» GIVEN RECORDS:
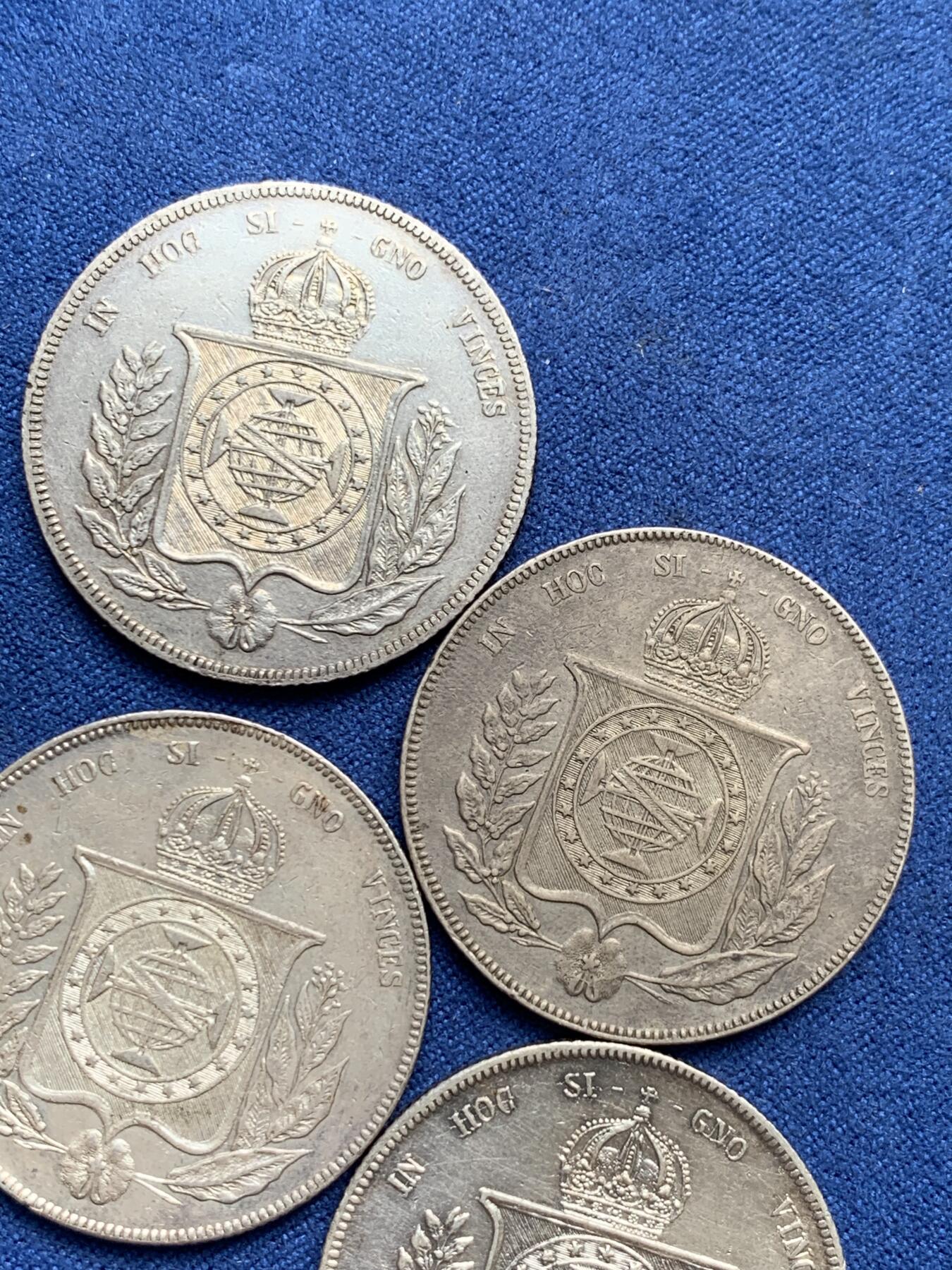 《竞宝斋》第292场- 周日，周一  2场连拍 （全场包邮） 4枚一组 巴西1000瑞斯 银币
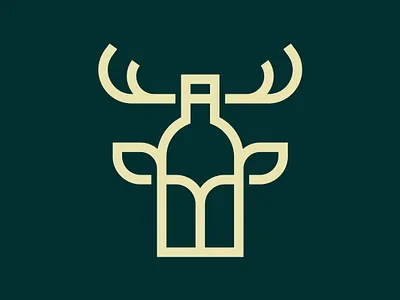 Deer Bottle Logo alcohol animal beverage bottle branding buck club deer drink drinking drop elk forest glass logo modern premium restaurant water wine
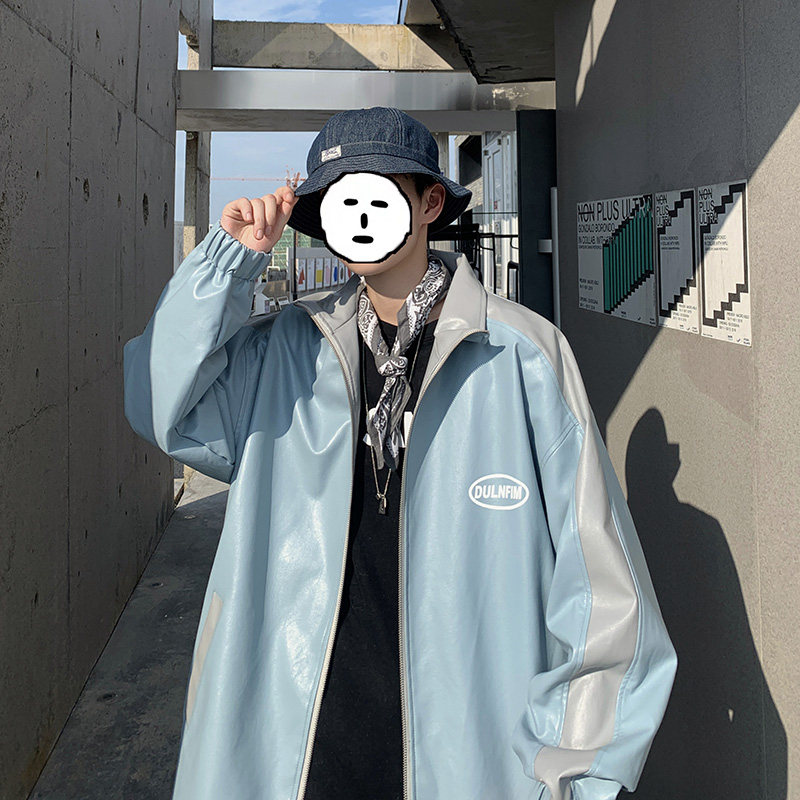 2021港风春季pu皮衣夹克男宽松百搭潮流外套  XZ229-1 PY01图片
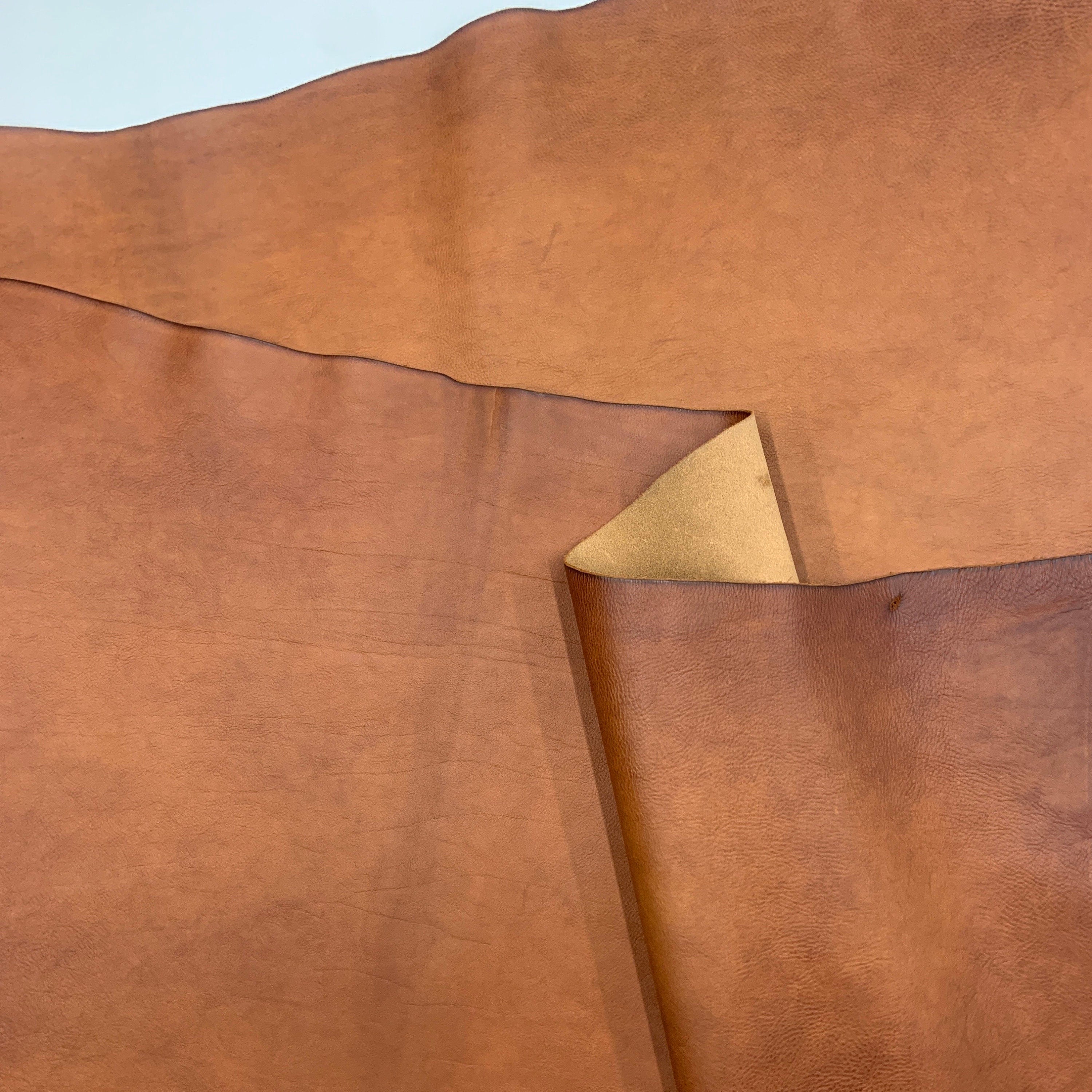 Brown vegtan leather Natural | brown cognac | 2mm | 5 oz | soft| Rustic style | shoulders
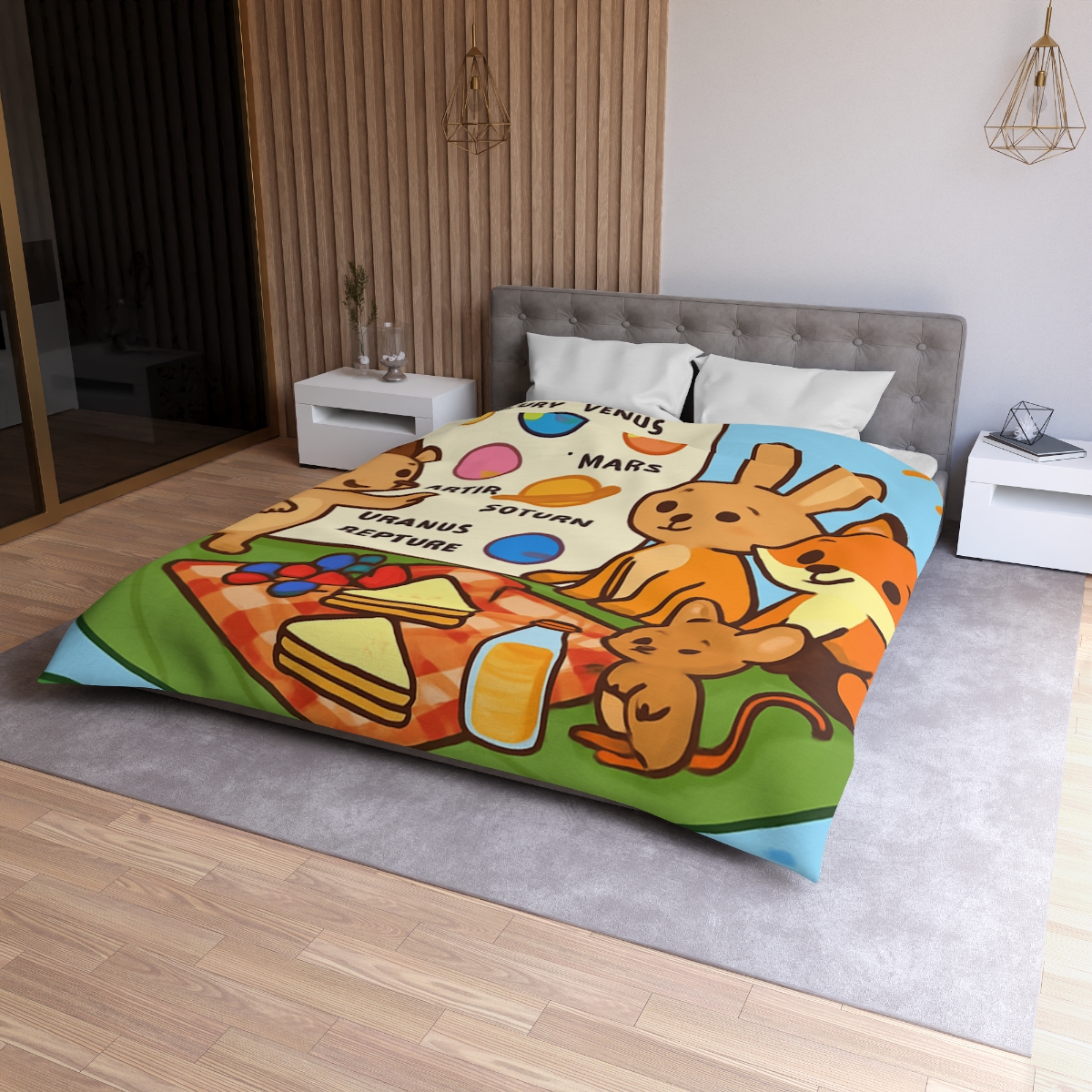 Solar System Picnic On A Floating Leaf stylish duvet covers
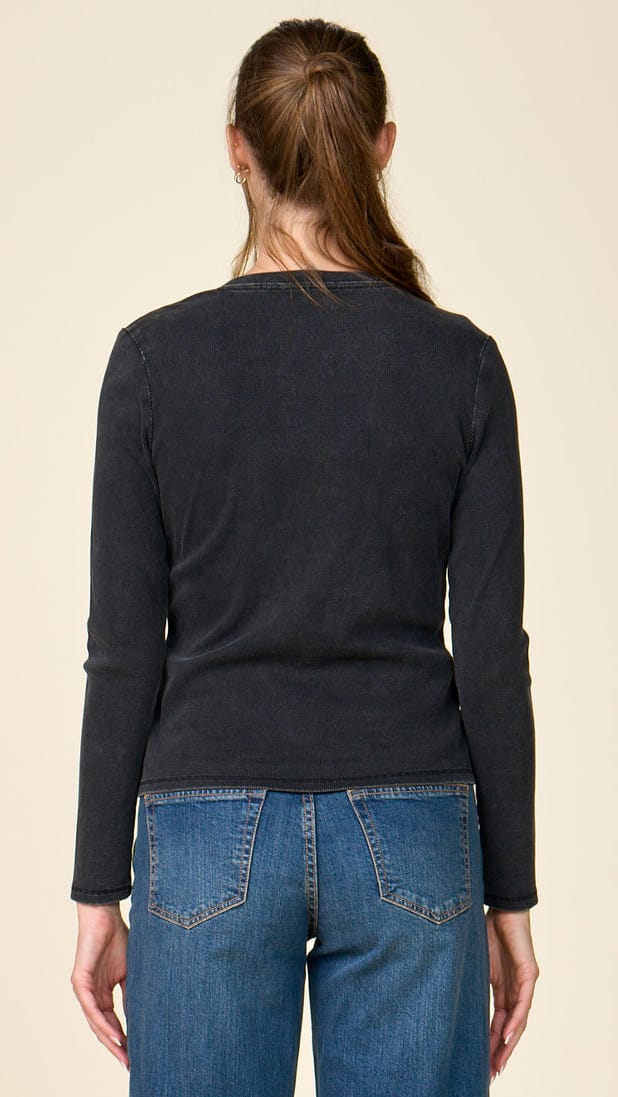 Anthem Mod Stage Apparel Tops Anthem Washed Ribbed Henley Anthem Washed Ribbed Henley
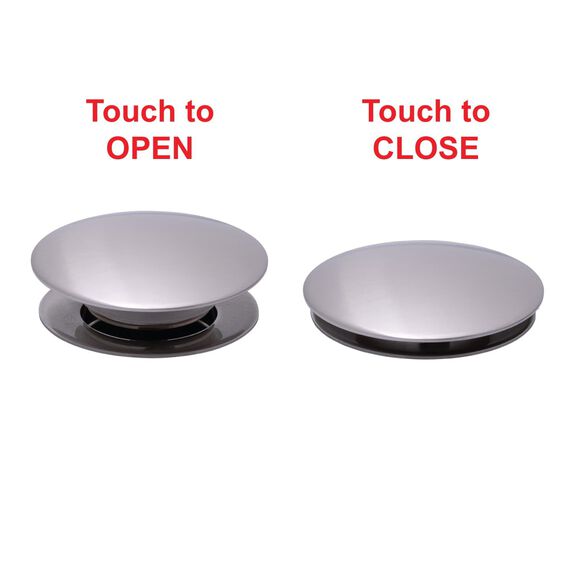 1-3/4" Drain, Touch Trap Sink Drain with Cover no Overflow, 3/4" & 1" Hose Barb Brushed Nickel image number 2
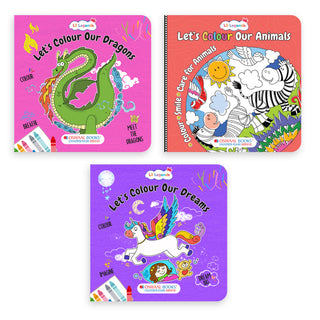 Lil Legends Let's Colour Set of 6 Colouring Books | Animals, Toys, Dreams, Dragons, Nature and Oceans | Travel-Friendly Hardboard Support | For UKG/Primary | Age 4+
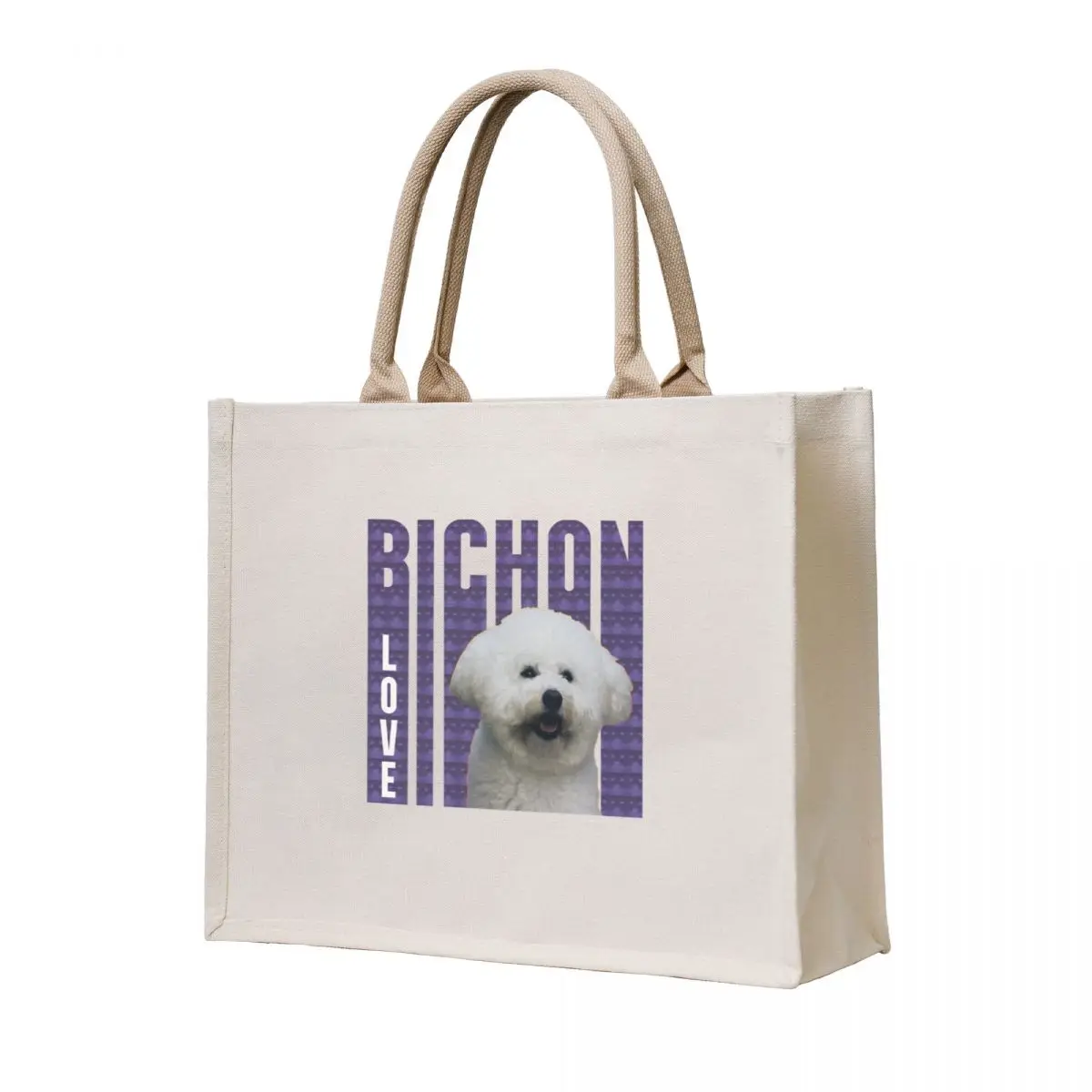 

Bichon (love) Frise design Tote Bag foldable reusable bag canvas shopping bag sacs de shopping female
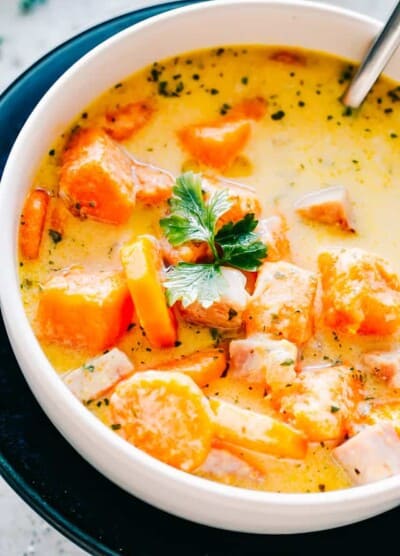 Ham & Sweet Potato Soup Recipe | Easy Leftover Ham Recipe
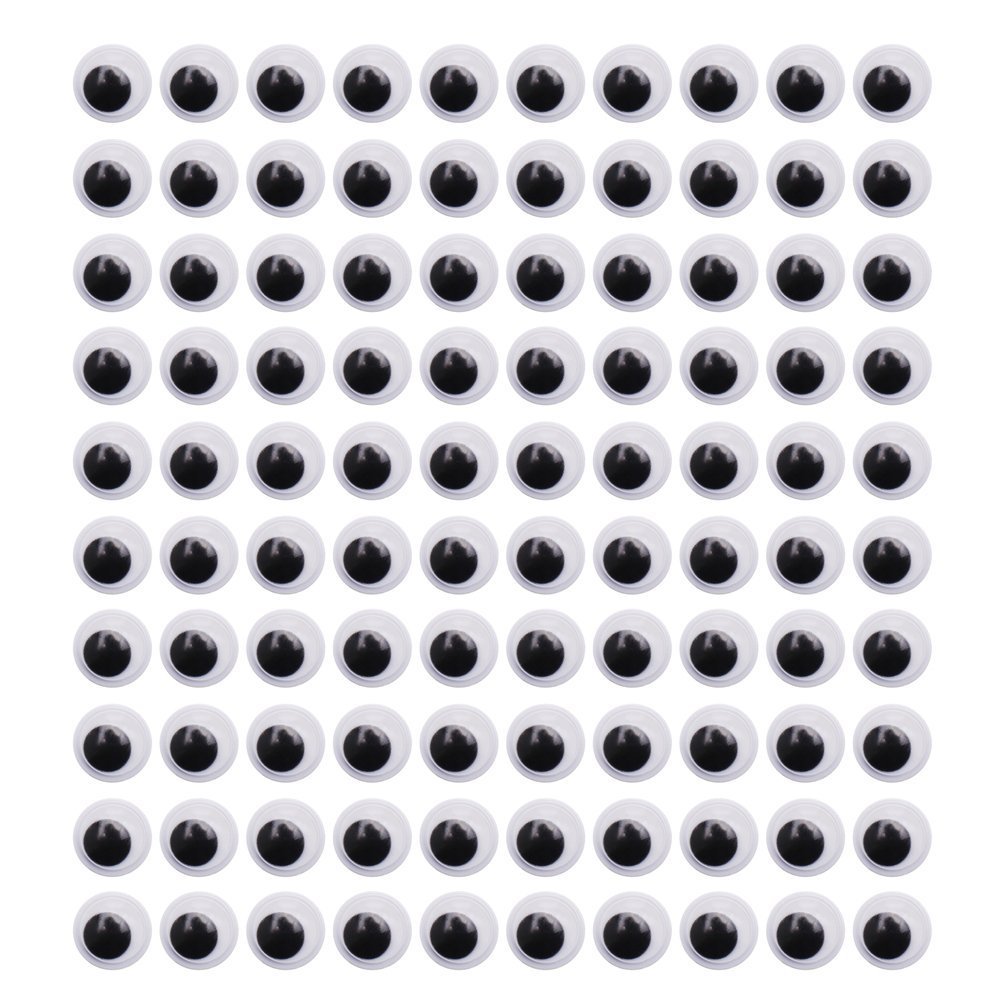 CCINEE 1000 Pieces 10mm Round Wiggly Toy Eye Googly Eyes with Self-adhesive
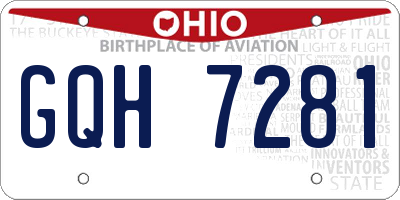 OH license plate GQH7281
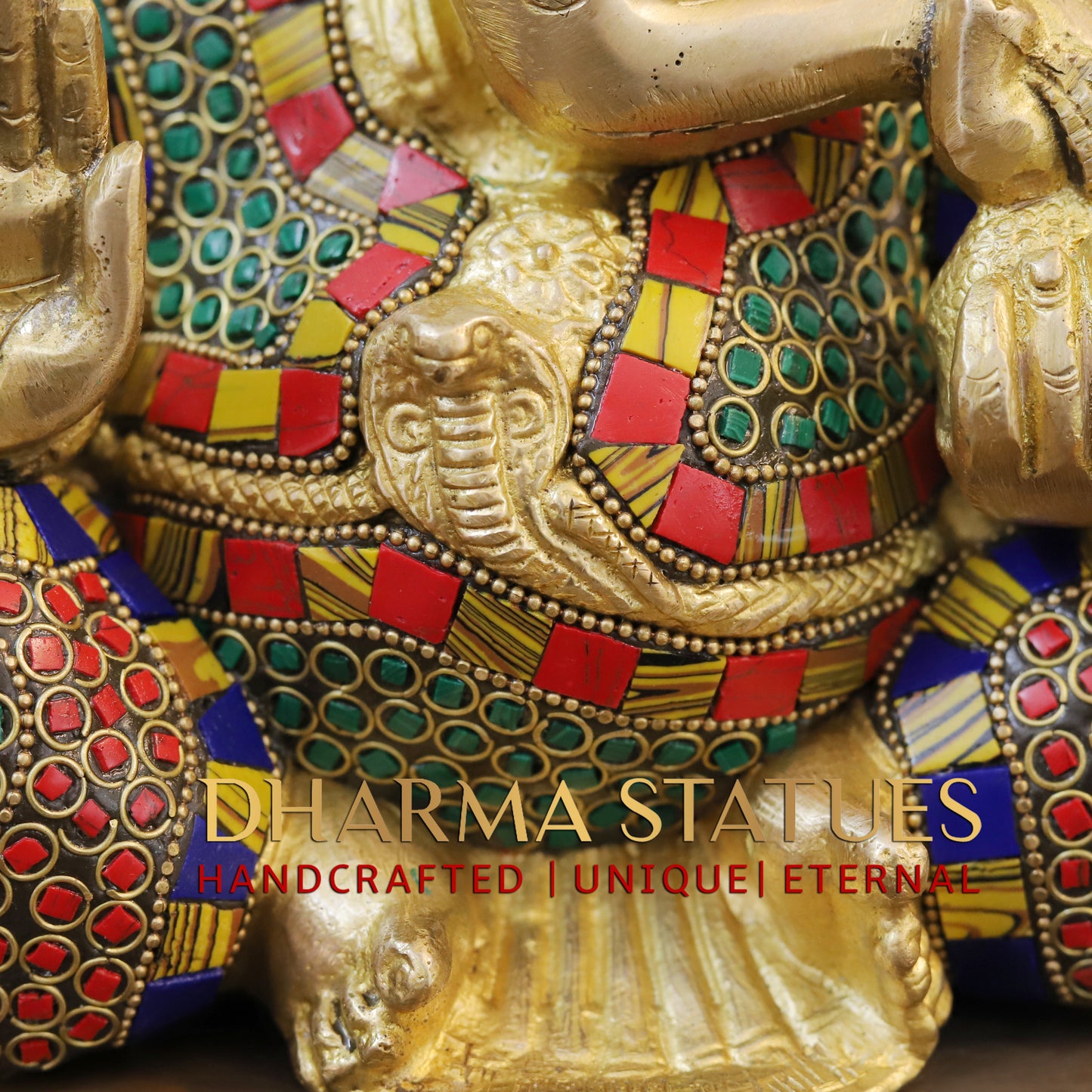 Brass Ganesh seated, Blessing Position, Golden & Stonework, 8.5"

» WHAT IS BEING ASKED: Nothing but the lines from the one containing "Solar System Picnic" through the last line of the material may appear in the answer, transcribed exactly and with no pictures.

» TASK OUTPUT:
 Solar System Picnic On A Floating Leaf stylish duvet covers
 Anthem Mod Stage Apparel Tops Anthem Washed Ribbed Henley Anthem Washed Ribbed Henley
 1-3/4" Drain, Touch Trap Sink Drain with Cover no Overflow, 3/4" & 1" Hose Barb Brushed Nickel image number 2
 Lil Legends Let's Colour Set of 6 Colouring Books | Animals, Toys, Dreams, Dragons, Nature and Oceans | Travel-Friendly Hardboard Support | For UKG/Primary | Age 4+

Bichon (love) Frise design Tote Bag foldable reusable bag canvas shopping bag sacs de shopping female
 Ham & Sweet Potato Soup Recipe | Easy Leftover Ham Recipe
 CCINEE 1000 Pieces 10mm Round Wiggly Toy Eye Googly Eyes with Self-adhesive
 OH license plate GQH7281
 Brass Ganesh seated, Blessing Position, Golden & Stonework, 8.5"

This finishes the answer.